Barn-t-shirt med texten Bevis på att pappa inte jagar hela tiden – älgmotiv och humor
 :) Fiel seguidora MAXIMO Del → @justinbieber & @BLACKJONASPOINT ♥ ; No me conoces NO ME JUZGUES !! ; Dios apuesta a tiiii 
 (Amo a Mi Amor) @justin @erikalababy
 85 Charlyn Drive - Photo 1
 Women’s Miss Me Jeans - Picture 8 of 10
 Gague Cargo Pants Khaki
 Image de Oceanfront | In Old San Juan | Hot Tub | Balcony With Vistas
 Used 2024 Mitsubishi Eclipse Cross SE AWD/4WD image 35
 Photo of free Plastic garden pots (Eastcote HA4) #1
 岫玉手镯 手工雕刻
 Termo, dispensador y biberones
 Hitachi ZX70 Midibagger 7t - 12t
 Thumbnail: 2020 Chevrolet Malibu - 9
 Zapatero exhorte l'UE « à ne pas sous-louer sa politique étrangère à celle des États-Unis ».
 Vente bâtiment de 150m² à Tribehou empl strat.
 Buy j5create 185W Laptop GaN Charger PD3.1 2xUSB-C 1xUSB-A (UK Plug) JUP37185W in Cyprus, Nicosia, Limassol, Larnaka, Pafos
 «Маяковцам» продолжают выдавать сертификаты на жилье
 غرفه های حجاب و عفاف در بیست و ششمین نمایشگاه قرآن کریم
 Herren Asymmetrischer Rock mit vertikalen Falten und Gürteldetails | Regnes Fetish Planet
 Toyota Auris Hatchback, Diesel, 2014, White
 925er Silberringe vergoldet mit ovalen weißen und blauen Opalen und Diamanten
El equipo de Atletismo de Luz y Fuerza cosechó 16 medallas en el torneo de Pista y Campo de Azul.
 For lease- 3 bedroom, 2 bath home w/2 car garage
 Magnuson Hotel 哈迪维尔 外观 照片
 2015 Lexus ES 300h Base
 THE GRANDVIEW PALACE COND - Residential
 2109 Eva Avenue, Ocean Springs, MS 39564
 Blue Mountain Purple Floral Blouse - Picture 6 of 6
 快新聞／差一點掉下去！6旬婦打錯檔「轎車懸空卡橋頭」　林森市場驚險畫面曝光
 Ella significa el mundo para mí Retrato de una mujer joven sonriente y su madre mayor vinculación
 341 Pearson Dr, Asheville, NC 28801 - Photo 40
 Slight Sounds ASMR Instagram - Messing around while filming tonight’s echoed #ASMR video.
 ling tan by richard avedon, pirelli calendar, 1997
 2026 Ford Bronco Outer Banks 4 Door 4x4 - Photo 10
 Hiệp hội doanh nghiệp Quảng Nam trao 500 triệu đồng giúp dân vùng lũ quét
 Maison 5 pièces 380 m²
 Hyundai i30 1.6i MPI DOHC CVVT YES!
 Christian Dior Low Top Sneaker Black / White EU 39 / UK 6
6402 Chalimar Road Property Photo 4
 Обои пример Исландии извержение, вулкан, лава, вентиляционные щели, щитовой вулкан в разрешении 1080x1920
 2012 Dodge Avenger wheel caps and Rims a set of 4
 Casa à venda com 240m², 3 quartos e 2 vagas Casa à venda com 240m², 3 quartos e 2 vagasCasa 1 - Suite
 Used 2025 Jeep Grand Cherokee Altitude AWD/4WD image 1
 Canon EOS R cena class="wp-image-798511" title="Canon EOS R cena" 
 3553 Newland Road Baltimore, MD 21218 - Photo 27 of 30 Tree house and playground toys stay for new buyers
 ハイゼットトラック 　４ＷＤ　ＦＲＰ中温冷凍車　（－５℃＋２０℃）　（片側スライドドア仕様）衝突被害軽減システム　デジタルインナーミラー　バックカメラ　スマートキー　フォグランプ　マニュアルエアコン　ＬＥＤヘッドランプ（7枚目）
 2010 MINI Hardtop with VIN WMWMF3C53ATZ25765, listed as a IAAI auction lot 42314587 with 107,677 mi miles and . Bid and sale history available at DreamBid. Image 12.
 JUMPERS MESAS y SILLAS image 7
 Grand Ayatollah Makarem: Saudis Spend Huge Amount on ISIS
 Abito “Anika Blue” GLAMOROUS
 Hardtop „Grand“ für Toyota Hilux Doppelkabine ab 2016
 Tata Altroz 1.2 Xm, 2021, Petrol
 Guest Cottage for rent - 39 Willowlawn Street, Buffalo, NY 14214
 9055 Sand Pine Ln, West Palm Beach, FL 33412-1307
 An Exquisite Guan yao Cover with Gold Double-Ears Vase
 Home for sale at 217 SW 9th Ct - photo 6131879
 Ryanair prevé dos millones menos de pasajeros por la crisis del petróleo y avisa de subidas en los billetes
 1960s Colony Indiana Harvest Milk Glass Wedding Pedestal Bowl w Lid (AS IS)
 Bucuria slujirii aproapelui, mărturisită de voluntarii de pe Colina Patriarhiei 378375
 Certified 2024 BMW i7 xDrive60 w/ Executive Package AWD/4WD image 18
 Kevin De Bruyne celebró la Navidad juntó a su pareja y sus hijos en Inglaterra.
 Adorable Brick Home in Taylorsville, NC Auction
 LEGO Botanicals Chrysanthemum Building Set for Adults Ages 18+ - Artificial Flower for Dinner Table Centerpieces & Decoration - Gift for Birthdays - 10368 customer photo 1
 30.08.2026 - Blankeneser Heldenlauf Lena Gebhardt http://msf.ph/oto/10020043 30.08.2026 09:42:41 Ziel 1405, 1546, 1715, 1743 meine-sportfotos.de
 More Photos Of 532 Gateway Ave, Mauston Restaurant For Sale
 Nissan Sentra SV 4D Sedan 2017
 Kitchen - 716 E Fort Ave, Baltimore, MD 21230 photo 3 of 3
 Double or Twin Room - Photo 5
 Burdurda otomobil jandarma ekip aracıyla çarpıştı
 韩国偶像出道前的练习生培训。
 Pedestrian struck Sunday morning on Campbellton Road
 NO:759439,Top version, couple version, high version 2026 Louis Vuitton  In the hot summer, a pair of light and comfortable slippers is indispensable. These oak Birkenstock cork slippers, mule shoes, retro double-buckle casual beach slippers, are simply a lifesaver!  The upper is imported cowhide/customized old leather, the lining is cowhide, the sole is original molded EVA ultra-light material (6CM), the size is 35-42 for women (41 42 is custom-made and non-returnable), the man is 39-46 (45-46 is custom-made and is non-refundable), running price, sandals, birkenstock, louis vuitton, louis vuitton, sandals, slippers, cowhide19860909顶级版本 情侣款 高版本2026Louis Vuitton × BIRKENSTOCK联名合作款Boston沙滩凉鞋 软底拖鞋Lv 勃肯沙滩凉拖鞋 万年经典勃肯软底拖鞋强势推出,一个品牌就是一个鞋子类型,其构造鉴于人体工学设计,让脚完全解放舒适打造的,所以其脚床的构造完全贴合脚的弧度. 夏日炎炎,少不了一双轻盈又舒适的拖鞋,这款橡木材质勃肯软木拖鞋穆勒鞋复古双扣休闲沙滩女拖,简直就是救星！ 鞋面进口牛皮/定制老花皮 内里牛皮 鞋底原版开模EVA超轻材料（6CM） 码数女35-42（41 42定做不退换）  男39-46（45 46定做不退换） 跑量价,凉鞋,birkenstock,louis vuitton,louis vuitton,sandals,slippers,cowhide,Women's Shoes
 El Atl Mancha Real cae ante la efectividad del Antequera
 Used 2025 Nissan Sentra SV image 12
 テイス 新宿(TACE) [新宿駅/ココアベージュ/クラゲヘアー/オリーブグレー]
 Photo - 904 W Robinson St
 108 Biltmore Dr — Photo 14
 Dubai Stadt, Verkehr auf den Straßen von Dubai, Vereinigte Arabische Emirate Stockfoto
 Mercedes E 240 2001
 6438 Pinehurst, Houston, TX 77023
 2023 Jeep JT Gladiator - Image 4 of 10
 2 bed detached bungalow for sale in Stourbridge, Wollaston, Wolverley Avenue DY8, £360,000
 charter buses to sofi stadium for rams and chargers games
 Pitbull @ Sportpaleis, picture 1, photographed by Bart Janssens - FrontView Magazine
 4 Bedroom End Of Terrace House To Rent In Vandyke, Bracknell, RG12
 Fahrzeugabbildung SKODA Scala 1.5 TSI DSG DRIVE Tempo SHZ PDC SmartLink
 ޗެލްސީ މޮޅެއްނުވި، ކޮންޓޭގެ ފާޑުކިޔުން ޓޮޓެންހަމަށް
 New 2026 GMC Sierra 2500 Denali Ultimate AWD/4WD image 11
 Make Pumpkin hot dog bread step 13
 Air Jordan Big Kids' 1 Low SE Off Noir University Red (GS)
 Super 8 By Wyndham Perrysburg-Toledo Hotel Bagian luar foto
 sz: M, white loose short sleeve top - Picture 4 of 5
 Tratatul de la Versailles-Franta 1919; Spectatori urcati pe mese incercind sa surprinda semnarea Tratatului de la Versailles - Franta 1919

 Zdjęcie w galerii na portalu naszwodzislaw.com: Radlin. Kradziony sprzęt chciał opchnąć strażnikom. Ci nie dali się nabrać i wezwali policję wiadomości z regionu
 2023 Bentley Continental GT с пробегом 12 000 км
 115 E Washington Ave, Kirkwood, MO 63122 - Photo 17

======

WHAT THE EXERCISE ASKS: Give back exactly the lines above, from the line containing "Herren Asymmetrischer Rock" through the line containing "Обои пример Исландии", with both end lines and nothing more.

RESULT OF THIS TASK:
 Herren Asymmetrischer Rock mit vertikalen Falten und Gürteldetails | Regnes Fetish Planet
 Toyota Auris Hatchback, Diesel, 2014, White
 925er Silberringe vergoldet mit ovalen weißen und blauen Opalen und Diamanten
El equipo de Atletismo de Luz y Fuerza cosechó 16 medallas en el torneo de Pista y Campo de Azul.
 For lease- 3 bedroom, 2 bath home w/2 car garage
 Magnuson Hotel 哈迪维尔 外观 照片
 2015 Lexus ES 300h Base
 THE GRANDVIEW PALACE COND - Residential
 2109 Eva Avenue, Ocean Springs, MS 39564
 Blue Mountain Purple Floral Blouse - Picture 6 of 6
 快新聞／差一點掉下去！6旬婦打錯檔「轎車懸空卡橋頭」　林森市場驚險畫面曝光
 Ella significa el mundo para mí Retrato de una mujer joven sonriente y su madre mayor vinculación
 341 Pearson Dr, Asheville, NC 28801 - Photo 40
 Slight Sounds ASMR Instagram - Messing around while filming tonight’s echoed #ASMR video.
 ling tan by richard avedon, pirelli calendar, 1997
 2026 Ford Bronco Outer Banks 4 Door 4x4 - Photo 10
 Hiệp hội doanh nghiệp Quảng Nam trao 500 triệu đồng giúp dân vùng lũ quét
 Maison 5 pièces 380 m²
 Hyundai i30 1.6i MPI DOHC CVVT YES!
 Christian Dior Low Top Sneaker Black / White EU 39 / UK 6
6402 Chalimar Road Property Photo 4
 Обои пример Исландии извержение, вулкан, лава, вентиляционные щели, щитовой вулкан в разрешении 1080x1920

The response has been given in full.